On a warm day in May 2005, Mohamed el-Sayed Said welcomed us into the dark, cool salon of his apartment in the Cairo district of Agouza. Speaking slowly, our friend reflected on the state of Egyptian politics days before a national referendum to amend the constitution. His demeanor was amiable but serious. We asked about “the incident” the previous January. In typically mellow tones, he retold the tale of how he had addressed President Husni Mubarak at the Cairo Book Fair.
As Mohamed taught many of us, the most meaningful phenomena defy social science’s crisp borders and partitions. The Book Fair tête-à-tête was no exception; Mohamed stood within both the “opposition” camp of Kifaya, the “Egyptian Movement for Change” that had burst onto the scene in 2004, and the intellectual “elite” that enjoyed an annual audience with Egypt’s chief executive. Had Mohamed maintained the forum’s normal diffidence toward Mubarak, the Book Fair gathering would have been unremarkable — another orchestrated occasion for the powerful to treat silence as paean. Instead, he stood up and implored the president to redress human rights violations in the Sinai, corruption in government ministries and the quotidian degradation of Egyptian citizens. Thanks to Mohamed’s intercession, the forum transformed from a ritualistic homage into a moment of exposure and forced introspection, whose effects were too potent for the president to ignore. As Mubarak received the cultural luminaries after the meeting, he leaned in close to Mohamed and said, “You’re an extremist.”
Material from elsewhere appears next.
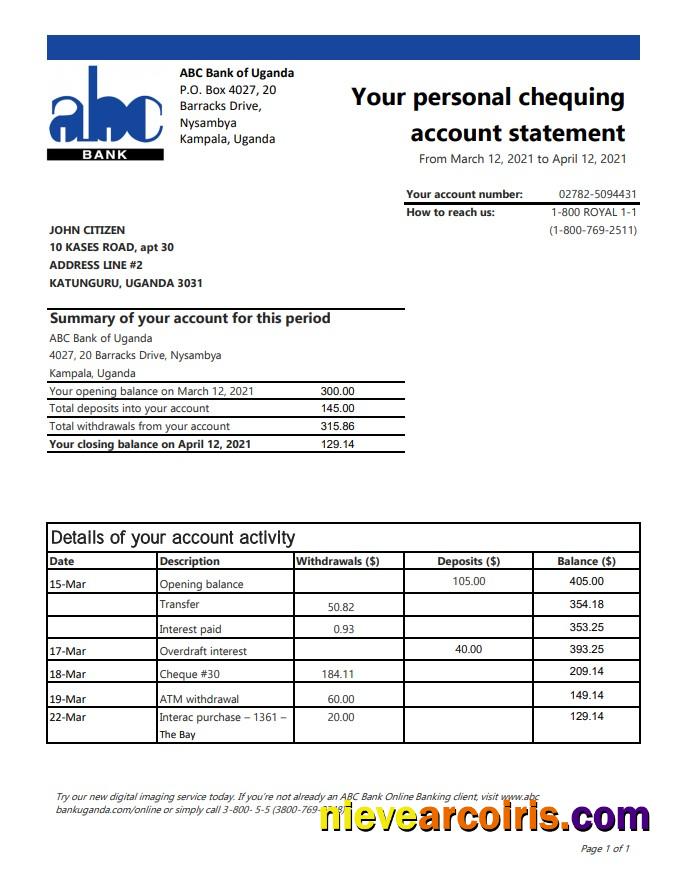 Uganda ABC Bank Of Uganda Excel Pdf Sample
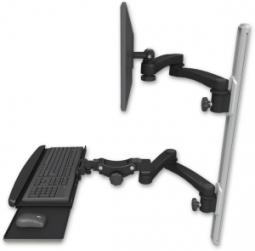 ICW EV65-T36D-KPB-A4-WB LCD mount, 36" Track, two arms, KB,, two 20" two armss, Black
The president of Egypt was hardly the first person Mohamed had startled through his incisive and gently delivered critique. Whether writing or speaking, Mohamed prompted those friends and colleagues who received his attention to revisit their assumptions, see old problems from new perspectives and delve into literatures of which they previously had no clue. Trained in the discipline of political science at the University of North Carolina-Chapel Hill, where he received his doctorate in 1983, Mohamed intuitively understood what today’s political scientists are still striving to grasp: the significance of transnational processes, the interplay of civil society and state in repressive conditions, and the vicissitudes of political liberalization.
Those who encountered Mohamed — whether at the Book Fair, his home, his office at the al-Ahram Center for Strategic Studies, or, briefly, in the buzzing den of the independent al-Badil newspaper — could not escape being illuminated, even warmed, by his mind and personality. Unpretentious but never reclusive, Mohamed touched countless people who now mourn his passing: the activists he communed with in Kifaya, the Arabic students he guided in the CASA III program, the academics and journalists he advised, and the avid fans of his columns in al-Badil and the quasi-official al-Ahram.
Mohamed’s life epitomized the bold self-scrutiny and readiness to challenge power that MERIP champions. While vivid in recent memory, the establishment of al-Badil (in 2007), the exchange with Mubarak (2005) and the co-founding of Kifaya were late chapters in a four-decade commitment to social justice. From participating in the 1968 student demonstrations to going to jail in 1989 alongside protesting steel and iron workers, Mohamed believed in the ability of popular movements to advance human equality and dignity. His writings, which include over a half dozen monographs and collections, enabled a broad community of readers, most of whom would never join in social struggle, to grasp the meaning of those campaigns. Mohamed’s most fortunate legatees are the students, young and old, around the world, who will return to his work and example.